La scrittrice Lina Agostini: «Ci dimentichiamo che le donne anche da vecchie s'innamorano»

Lina Agostini
di Valentina Venturi
3 Minuti di Lettura
Mercoledì 18 Novembre 2020, 13:29

Lina Agostini con il suo "Diario scandaloso di una vecchia", pubblicato da La Tartaruga edizioni analizza il suo presente, rendendolo universale. Ex giornalista, sceneggiatrice, scrittrice, critica letteraria, cinematografica, televisiva e musicale, a 81 anni scrrive un romanzo per sollecitare la società a rispondere a una domanda: qual è oggi il posto dei vecchi? Sono diverse le difficoltà incontrate dalle persone anziane: il difficile rapporto con la memoria, l’orizzonte del proprio tempo che si fa più stretto, i cambiamenti del corpo e del pensiero, le relazioni perdute o irreversibilmente mutate, i rimpianti, i dubbi e i rimorsi.

Cosa racconta "Diario scandaloso di una vecchia"?

«L'ho scritto in poco tempo, tratta di questa terza età maltrattata, di come la società moderna non abbia più un posto per i vecchi: un tempo si invecchiava e si muoriva in famiglia, adesso la famiglia non esiste più. O muori tra le braccia di qualche bionda moldava che vuole il tuo bancomat o muori solo. Io sono sola da una vita. La vecchiaia è l’unica malattia terminale». 

Vecchia è un termine in disuso?

«È una parola che non ha un sinonimo, quindi non la puoi tradurre. Gli americani l’hanno dirittura tolta dal vocabolario. Io penso sia un termine bellissimo e io non mi sono mai sentita offesa se qualcuno me lo diceva. Sono vecchia che ci posso fare, non è una scelta!». 

Come mai "scandaloso"?

«Non è un aggettivo messo a caso, o per attirare qualcuno che aveva dei pruriti. Nasce da uno scandalo vero di cui sono stata artefice e poi anche vittima. A 20 anni ho scritto “Giorgina” un libro che allora, sebbene fossimo nella Toscana civilissima, sembrò addirittura osceno. Rimase in libreria per un giorno e poi quel libro non l’ho mai più rivisto. È stato censurato, ritirato e bruciato. E per cinque anni mi sono vergognata e i miei primi articoli non li firmavo con il mio cognome. Allora non è come oggi che se fai una cosa del genere ti chiamano in televisione e diventi un personaggio. Allora ti vergognarvi. Uno scandalo a livello europeo non soltanto italiano, ricevevo lettere da tutto il mondo; mi difesero Moravia, la Morante e Pasolini».

Ha mai incontrato difficoltà nel mondo del lavoro?
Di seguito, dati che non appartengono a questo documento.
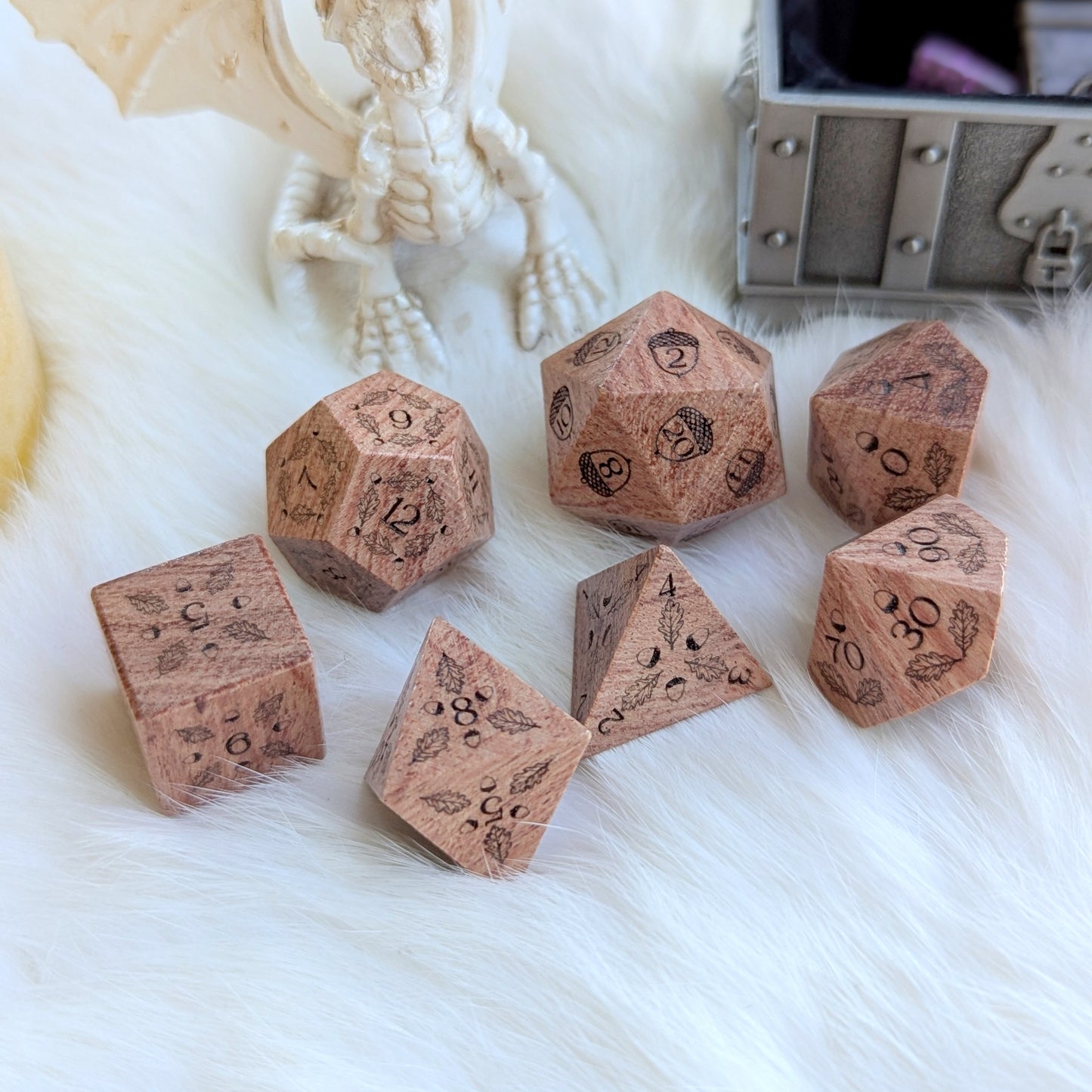 Oak Grove Engraved Rosewood Dice Set with acorn and oak leaf carvings on a plush white surface.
«Lavorativamente parlando ero un uomo, ero molto maschile. Ho tagliato la canna da zucchero a Cuba per Castro; ho conosciuto Hemingway che mi portò a vedere dove scriveva i suoi libri in un bar pieno di mosche; ho provato le 2 mila scarpe di Imelda Marcos quando sono stata sua ospite a Manila. Ho fatto una vita professionale assolutamente maschile e ho conosciuto il mondo. Poi ho anche realizzato 23 Festival di Sanremo amando molto la musica. Non sono mai stata scavalcata e se è accaduto, è stato per ragioni politiche. Il mondo del giornalismo ai miei tempi era maschile non era femminile. C’erano poche donne».

Cosa ricorda di Moravia?

«Siamo stati amici per trent’anni, andavamo al cinema insieme. Poi lui si annoiava e lo cacciavano dalla sala e si faceva raccontare il film da me per poi scrivere la recensione sull’Espresso».

E di Hemingway?

«Mi diceva: “Chi ha paura della morte l'anticipa”. E qualche tempo dopo poi si sedette con il fucile tra le gambe e si sparò in faccia».

Progetti futuri?

«"Il diario sentimentale di una vecchia", perché ci dimentichiamo che le donne da vecchie si innamorano, magari si innamorano anche tra loro, non so!».